Pictures do not belong in the copy. Write out exactly the lines from the one containing "10K Yellow Or" through the end of the data.

## Dataset excerpt
===============

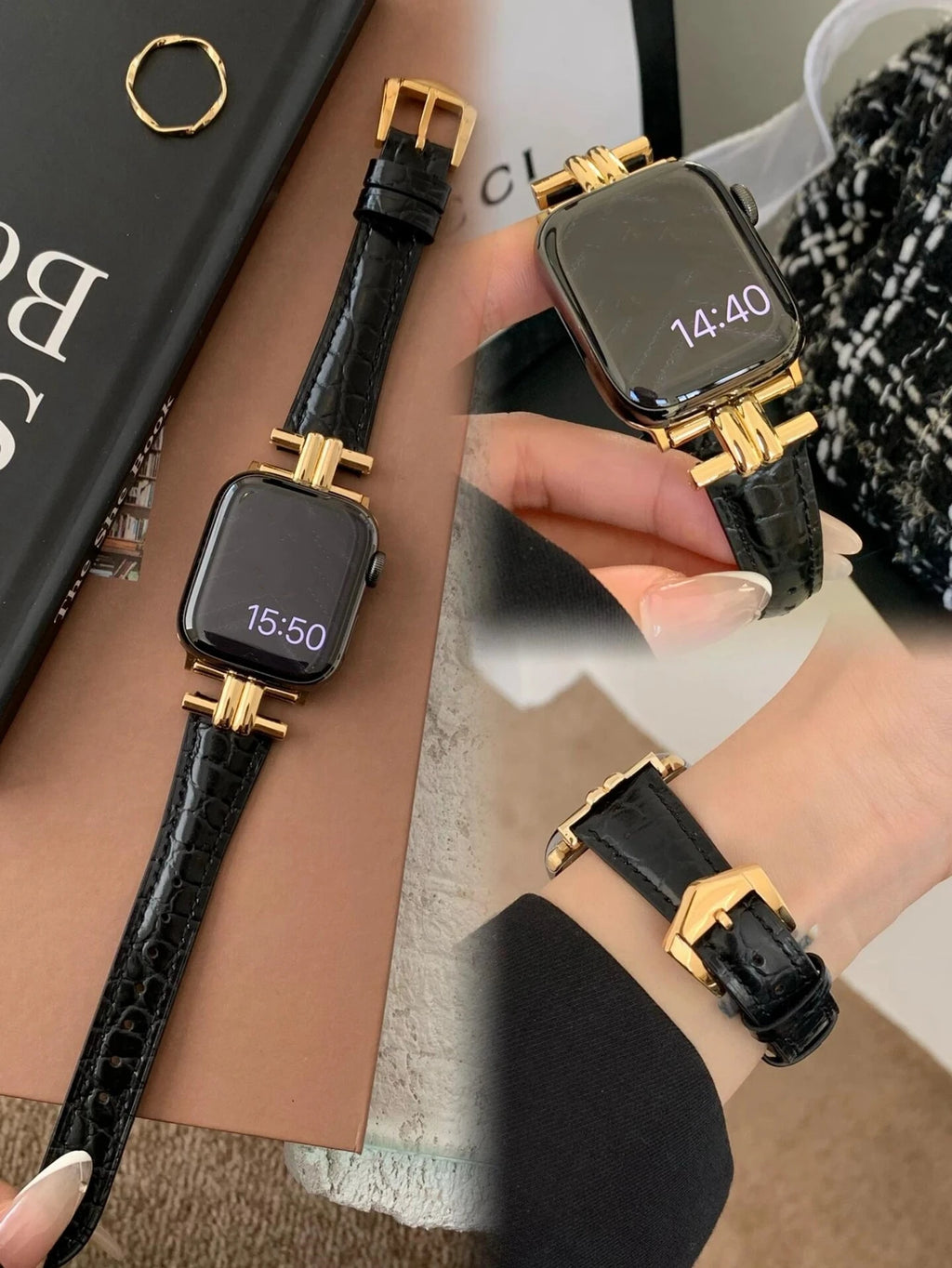 Leather loop Correa For Apple Watch band 11/10/9/8/7/6/5/4/3 38mm 40mm 41mm 42mm 44mm 45mm 46mm 49mm Strap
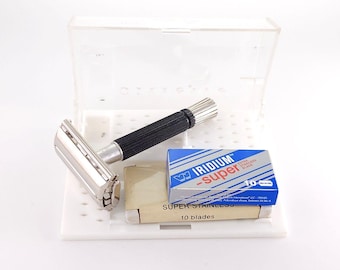 Gillette Black Handle Super Speed M3 1967 Polished Cleaned VTG Safety Razor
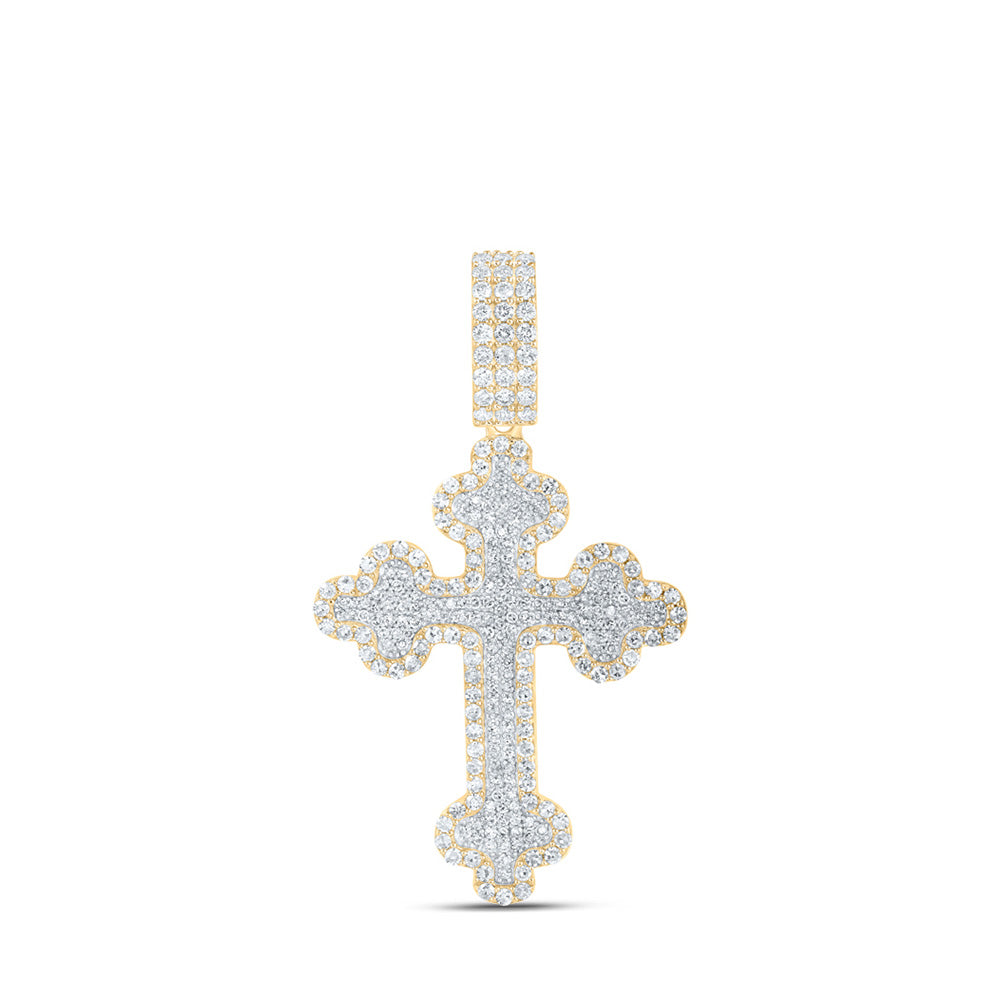 10K Yellow Or White Or Rose Gold Mens Round Diamond Cross Charm Pendant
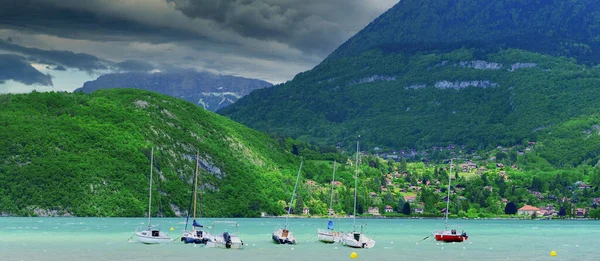 Pequeños Barcos Lago Annecy — Foto de Stock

===============

## Response to this exercise
 10K Yellow Or White Or Rose Gold Mens Round Diamond Cross Charm Pendant
 Pequeños Barcos Lago Annecy — Foto de Stock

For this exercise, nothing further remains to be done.